This past week, Qantas began flying between Perth and London, which is now the world’s second longest flight. It’s incredible to see the number of new ultra longhaul flights that have been launched lately. In the past most of these routes were almost unfathomable, at least for a profit-oriented airline.
Why ultra-longhaul flights are more practical than ever
What makes ultra longhaul flying more sustainable than in the past? A couple of factors:
- The new aircraft technology we’ve seen, especially with the Airbus A350 and Boeing 787; these planes are fuel efficient and relatively low capacity (at least compared to the 747), and as a result are able to operate long flights in a profitable manner
- Oil prices are still fairly low, and there’s strong global demand for nonstop flights between business hubs
Qatar Airways A350
The world’s 12 farthest flights
I figured it would be fun to look at the world’s 12 farthest flights, given how much the list has changed lately. I’m going off of distance here, since winds can also have an impact on the duration of flights, and on top of that, some airlines do a lot of schedule padding. What’s pretty amazing to me is that all 12 of these flights are over 8,000 miles, which is a long way to go nonstop.
So, what are the world’s farthest flights? Here they are, starting with the longest (I’m including the airline that operates the route, the distance, and the aircraft type used):
- Auckland to Doha / Qatar / 9,032 miles / Boeing 777-200LR
- Perth to London / Qantas / 9,010 miles / Boeing 787-9
- Auckland to Dubai / Emirates / 8,824 miles / Airbus A380
- Los Angeles to Singapore / United / 8,770 miles / Boeing 787-9
- Houston to Sydney / United / 8,596 miles / Boeing 787-9
- Dallas to Sydney / Qantas / 8,578 miles / Airbus A380
- San Francisco to Singapore / Singapore & United / 8,446 miles / Airbus A350-900 & Boeing 787-9
- Johannesburg to Atlanta / Delta / 8,439 miles / Boeing 777-200LR
- Abu Dhabi to Los Angeles / Etihad / 8,390 miles / Boeing 777-300ER
- Dubai to Los Angeles / Emirates / 8,339 miles / Airbus A380
- Jeddah to Los Angeles / Saudia / 8,332 miles / Boeing 777-300ER
- Doha to Los Angeles / Qatar / 8,306 miles / Boeing 777-200LR
Singapore Airlines A350
I intentionally left out the flight time, since they fluctuate throughout the year due to winds. All 12 of these flights are blocked anywhere between 16hr and 18hr20min, depending on the time of year. I’m leaving out those flight times not just because the seasonal fluctuations, but also because some airlines pad their schedules more than others (in order to create artificial on-time arrivals), so I don’t want to give them too much credit there.
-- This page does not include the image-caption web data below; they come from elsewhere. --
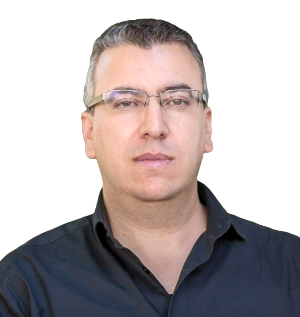 Writer: Noureddine El Ouazizi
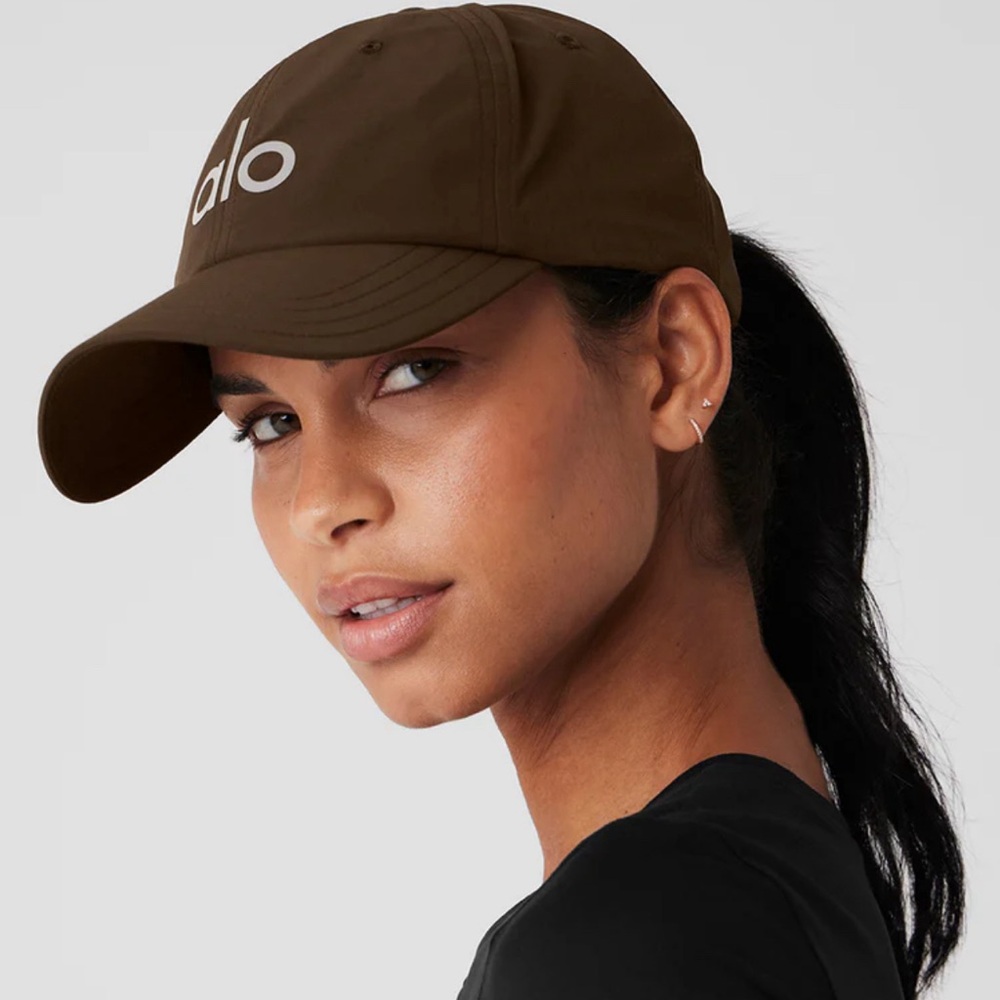 Alo Yoga Cap Hat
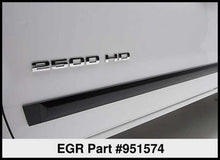 Cargar imagen en el visor de la galería, EGR Double Cab Front 41.5in Rear 28in Rugged Style Body Side Moldings (951574)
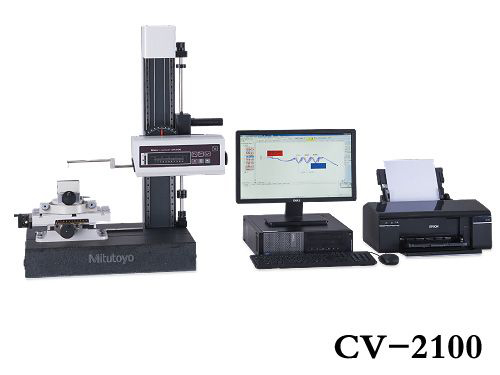 CV-2100-轮廓...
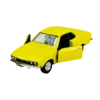 shumee WELLY 1970 OPEL MANTA A RUMENA 1:34 43814
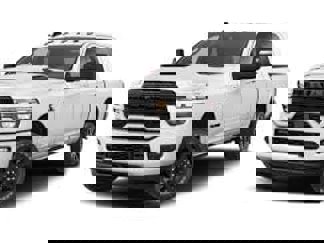 New 2025 RAM 2500 Laramie image 1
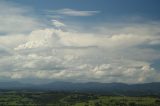 Australian Severe Weather Picture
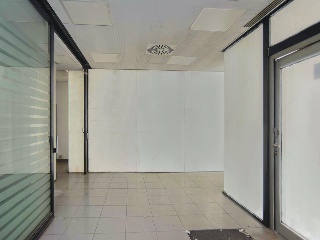 Local en Av Roma - Manlleu - Barcelona 9
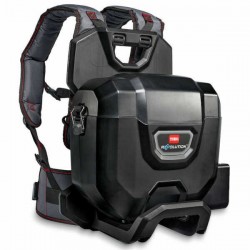Toro 60V Max Revolution Backpack Bare Tool Flex-Force - For Rechargeable Li-Ion Batteries Toro 60V Max Revolution Backpack Bare Tool Flex-Force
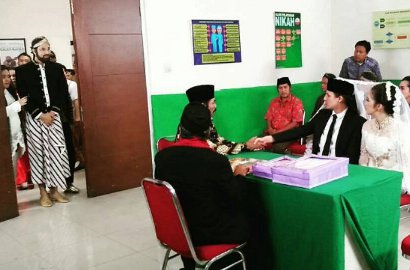 Akhirnya, Ammar Zoni Sukses Batalkan Nikahan Dylan Carr-Ranty Maria di 'Anak Langit'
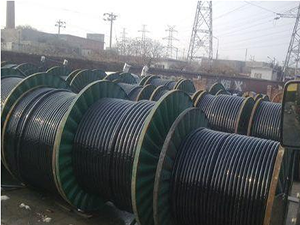 沈阳古河电缆铝新余高压新余电缆业务正式启动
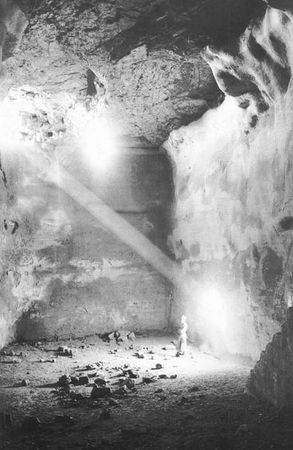 С. Владович - Библейские места Иерусалима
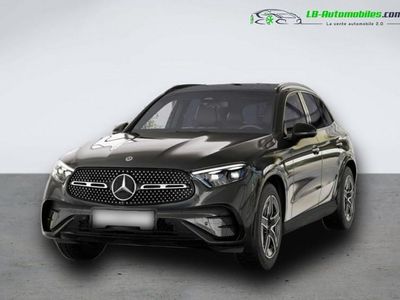 Mercedes GLC400d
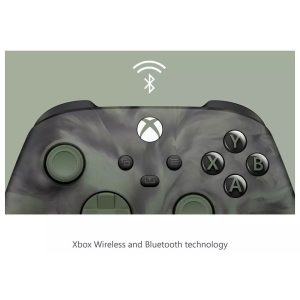 Microsoft Xbox Wireless Controller Nocturnal Vapor Special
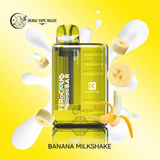 Ferocious Bar 40K Puffs Disposable Vape | Dubai Vape Magic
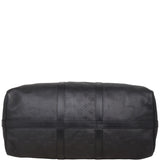 Louis Vuitton Keepall 50 Bandouliere Monogram Shadow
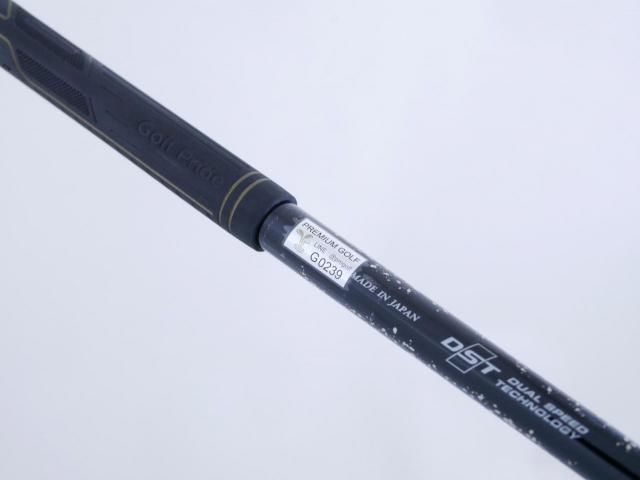 Fairway Wood : xxio : ไม้กระเทย XXIO Prime 12 (ออกปี 2023 ท๊อปสุด ตีง่าย ไกล) Loft 22 ก้านกราไฟต์ SP-1200 Flex SR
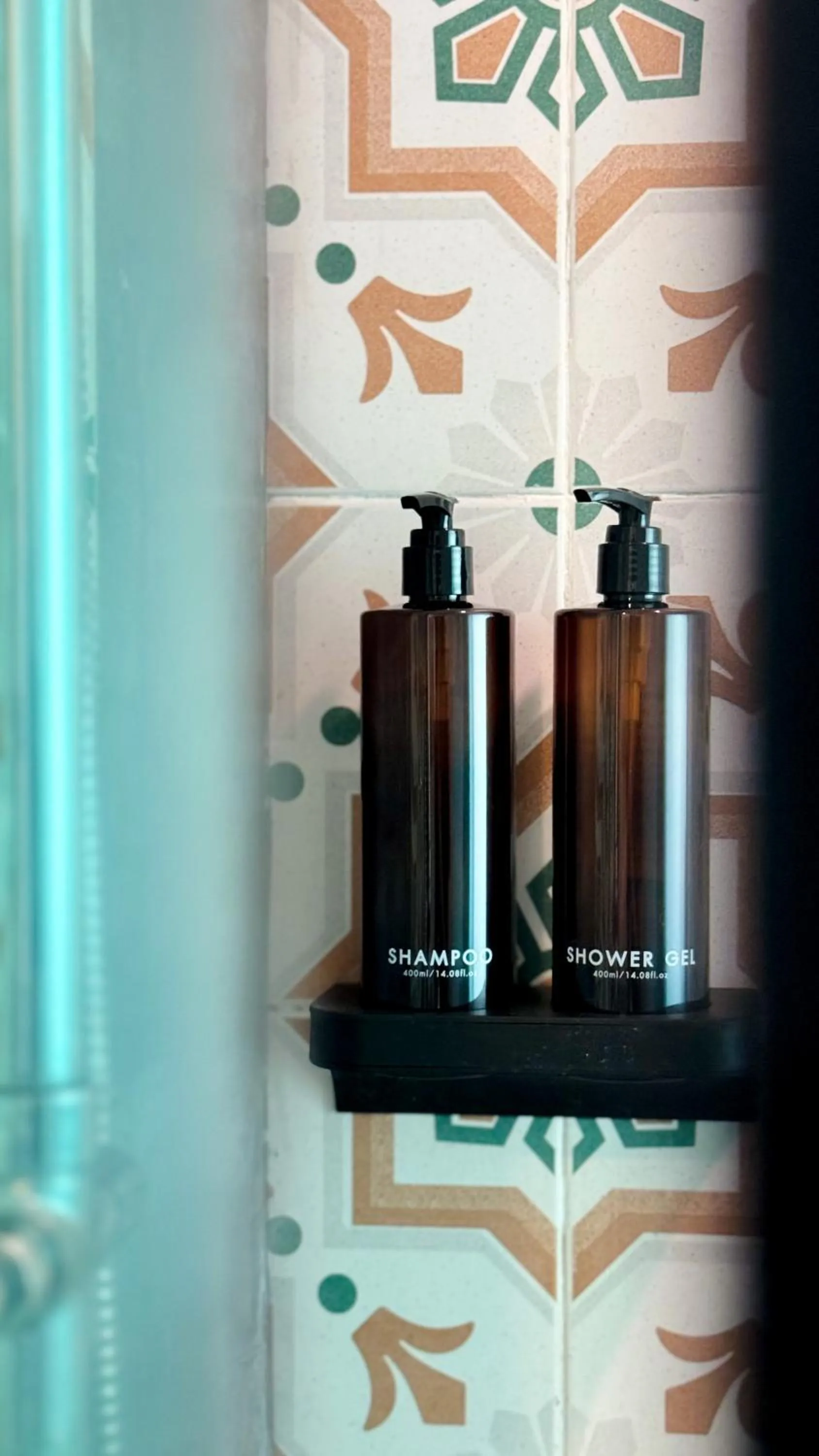 Bathroom in Grand Supicha City Hotel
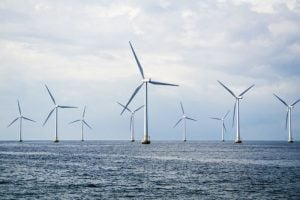 Largest Offshore Wind Farm
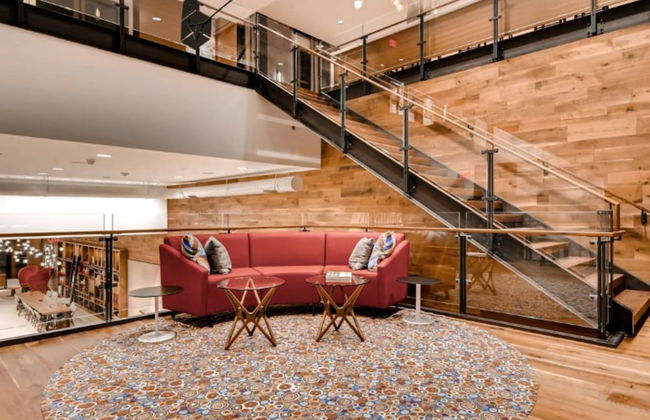 Bluebird Suites near Pentagon - Photo 8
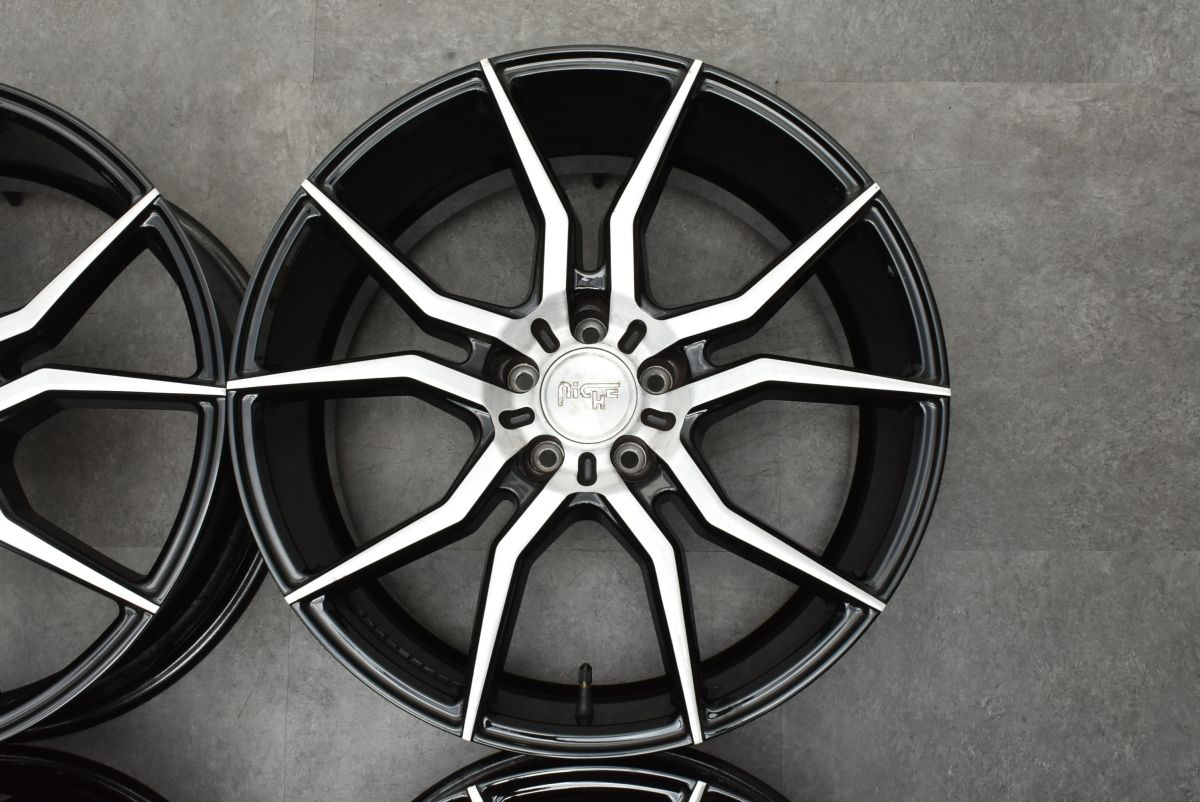 NICHE Ascari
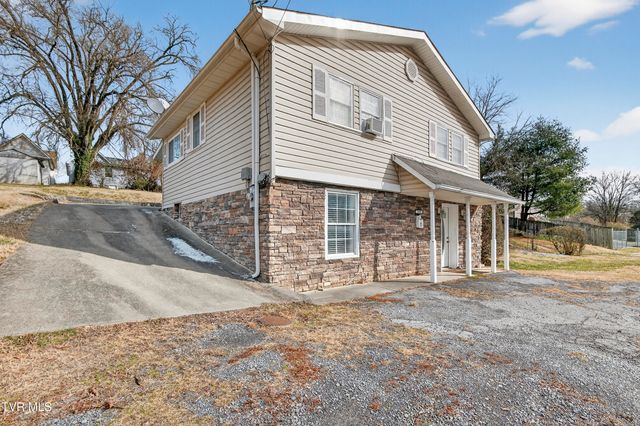1319 5th Street, Bristol, TN 37620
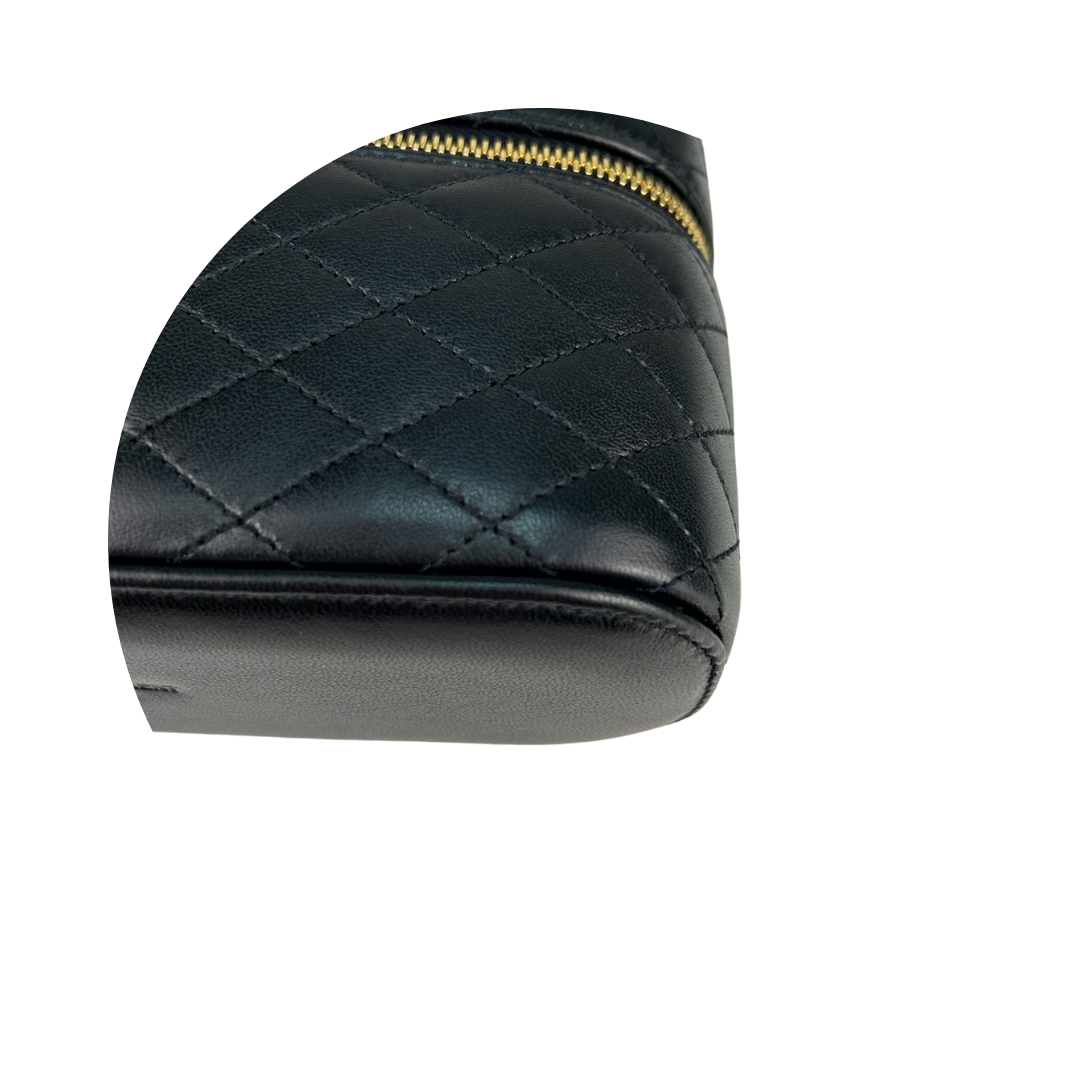 YSL Mini Gaby Top Handle Bag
Here’s a map with all the routes, which is quite cluttered, as you can see:
Just to further illustrate how much more popular ultra longhaul flights have become, only five of the above 12 flights have been operating prior to 2016, meaning that seven of the above routes have been launched within the past couple of years. Even more impressive, all five of the world’s longest flights have been launched since 2016.
The world’s future longest flight
So, what’s next for ultra longhaul flying? We know that within the next year, one new flight will make this list. Specifically. we know that later this year Singapore Airlines will be launching flights between Singapore and New York, covering a distance of 9,530 miles, making it the longest flight in the world by about 500 miles. This will be operated by the Airbus A350-900ULR, for which Singapore Airlines is the launch customer.
Next year the airline will also be launching flights between Los Angeles and Singapore, duplicating United’s route, which is currently the fourth longest in the world.
It’s exciting to see the number of new ultra longhaul flights that are being added by airlines, thanks to new aircraft, like the 787 and A350. While these ultra longhaul flights are great for those traveling in business class, I can’t imagine doing a nonstop flight like this in economy. In those situations I can’t help but feel like I’d rather break up the journey than fly nonstop.
It’s especially encouraging that all five of the world’s longest flights have been added within the past couple of years. While we know a nonstop flight from Singapore to New York is coming later this year, I’m curious what else is in the pipeline.
What new ultra longhaul routes would you like to see?